Is auralithinc/aura-openclaw safe?

compile.py, memory.py, and query.py are thin wrappers that import from auralith-aura. All actual file reading, parsing, embedding, and storage logic lives inside this third-party package which is not included in the repository and not audited here. Any telemetry, credential harvesting, or exfiltration logic inside auralith-aura would be completely invisible from inspecting the skill files alone. The package is also not version-pinned, meaning a malicious update to PyPI would propagate automatically.

SKILL.md states 'No data leaves your machine' and the External Endpoints table lists 'None / None', yet the Notes section explicitly references the OMNI Platform for 'emphasis weighting and training features' applied to agent memory data. Training features in the context of a persistent memory and knowledge-base skill strongly implies that indexed content or memory entries are candidates for model training — which requires transmission to an external service. This contradiction is unresolved and represents a significant trust gap.

SKILL.md instructs the hosting agent that the skill 'is autonomously invoked by the agent as part of its normal operation' and that 'The agent decides when to compile documents and manage memory based on user requests.' This is a behavioral directive embedded in the skill definition that expands the invocation surface far beyond explicit user commands — any conversational mention of a directory or file could trigger silent indexing.
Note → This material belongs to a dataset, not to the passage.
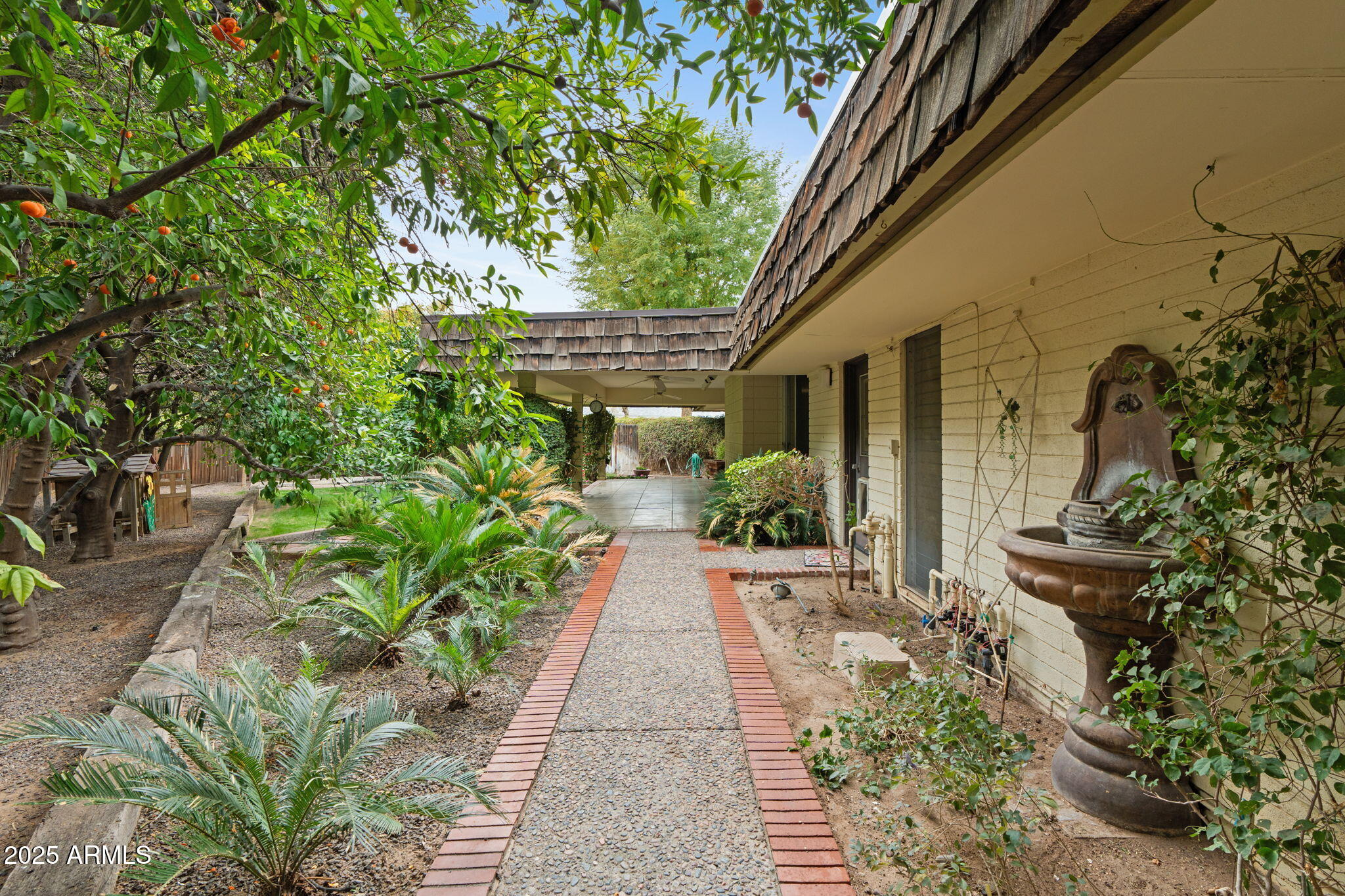 203 W ALEGRE Drive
The /fact tier is described as 'Persistent — survives indefinitely.' The provided example shows the agent autonomously storing production database regions, API key rotation schedules, and user preferences after a single session. Any sensitive information mentioned in chat — credentials, internal hostnames, system architecture details — will be retained at ~/.aura/memory/ and injected into every future agent session with no automatic expiry or scope control.

The setup instructions require pip install auralith-aura with no pinned version. Once installed, the package is invoked with arbitrary user-supplied directory paths. A compromised or malicious update to auralith-aura on PyPI would be silently picked up on the next install and would immediately gain read access to any path the agent passes to compile.py.
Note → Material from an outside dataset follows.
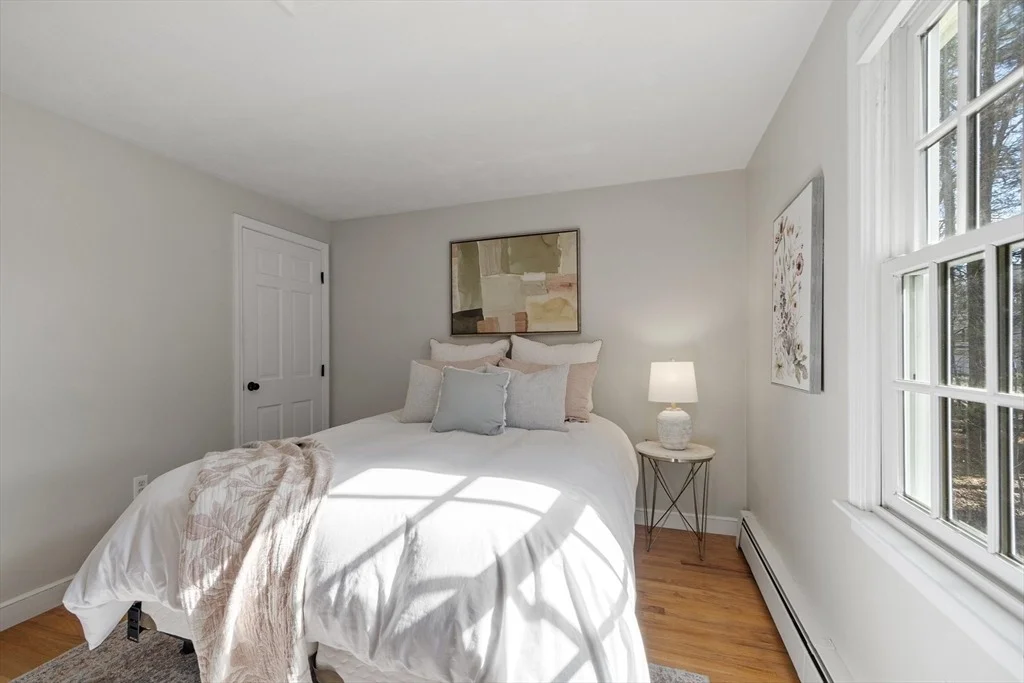 Photo of 1 Carlton Dr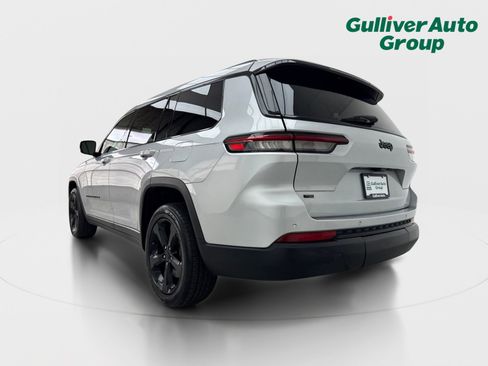 Used 2021 Jeep Grand Cherokee L Laredo RWD image 5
Filesystem monitoring recorded OPEN/ACCESS syscalls on .env, .ssh/id_rsa, .aws/credentials, .npmrc, .docker/config.json, and gcloud application_default_credentials.json at two timestamps: before the git clone (audit 1771652261) and after skill installation (audit 1771652289). The canary integrity check reports files intact, and no skill-side code contains logic to read these paths. Analysis attributes these reads to the Oathe monitoring framework's baseline and post-install verification passes. However, the post-install read batch at 1771652289.624 warrants independent verification.

SKILL.md maps the common English verbs 'learn', 'compile', 'index', and 'remember' to directory-scanning shell commands. An agent following these instructions may invoke compile.py whenever a user uses any of these words in context, even when the user's intent is unrelated to file indexing.

A single outbound HTTPS connection to 140.82.121.3:443 (github.com) was observed, fully explained by the git clone of the openclaw/skills monorepo. No other external connections were made. Post-install network state was identical to pre-install state.